*** Supplied information ***
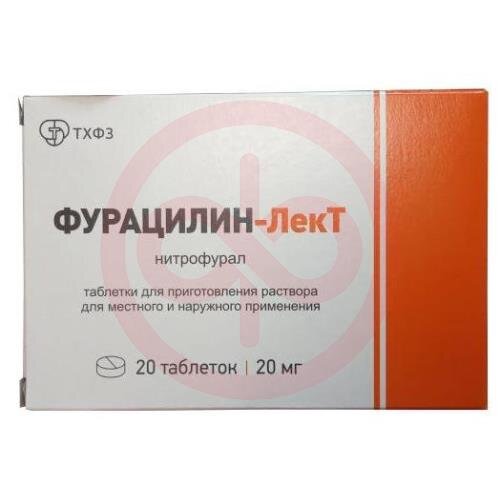Фурацилин-лект таблетки для приготовления раствора для местного и наружного применения 20мг №20 Фурацилин-лект таблетки для приготовления раствора для местного и наружного применения 20мг №20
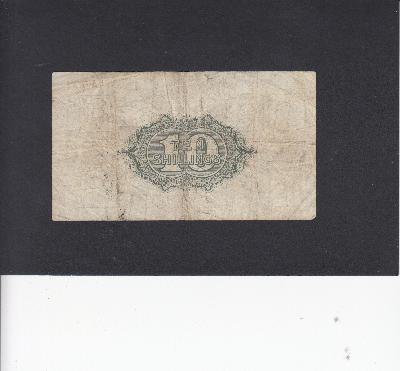 Beschrijving achterzijde: 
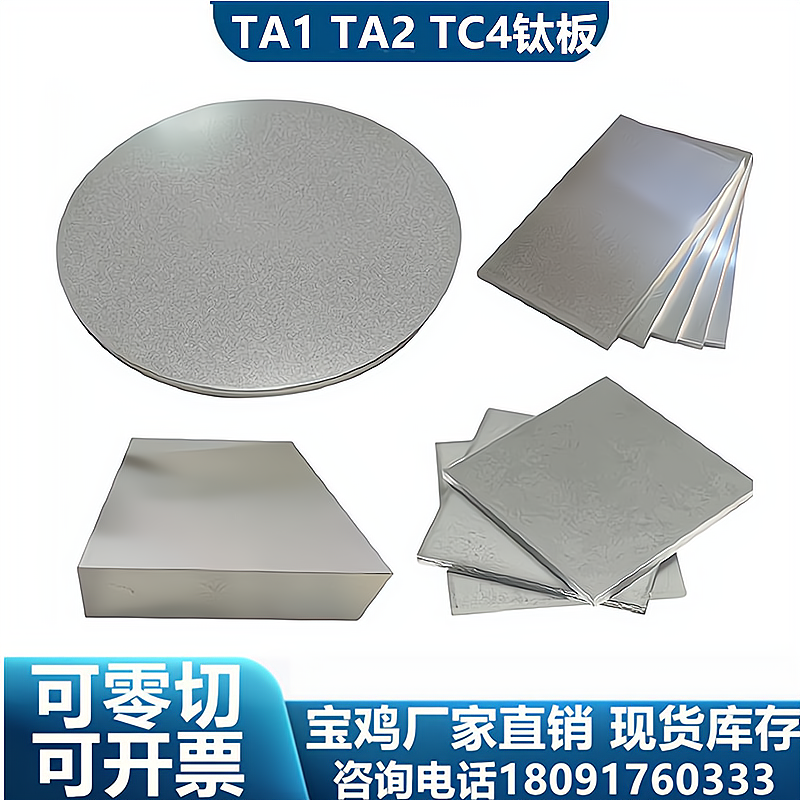 钛合金板材TC4钛板TA1TA2钛合金圆片0.005-50mm钛镍板 锆板 钨片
*** End of Supplied information ***
§ **What to produce**:
For this step, transcribe all the material above exactly and drop the images.

§ **Result below**:
Фурацилин-лект таблетки для приготовления раствора для местного и наружного применения 20мг №20 Фурацилин-лект таблетки для приготовления раствора для местного и наружного применения 20мг №20
 Beschrijving achterzijde: 
 钛合金板材TC4钛板TA1TA2钛合金圆片0.005-50mm钛镍板 锆板 钨片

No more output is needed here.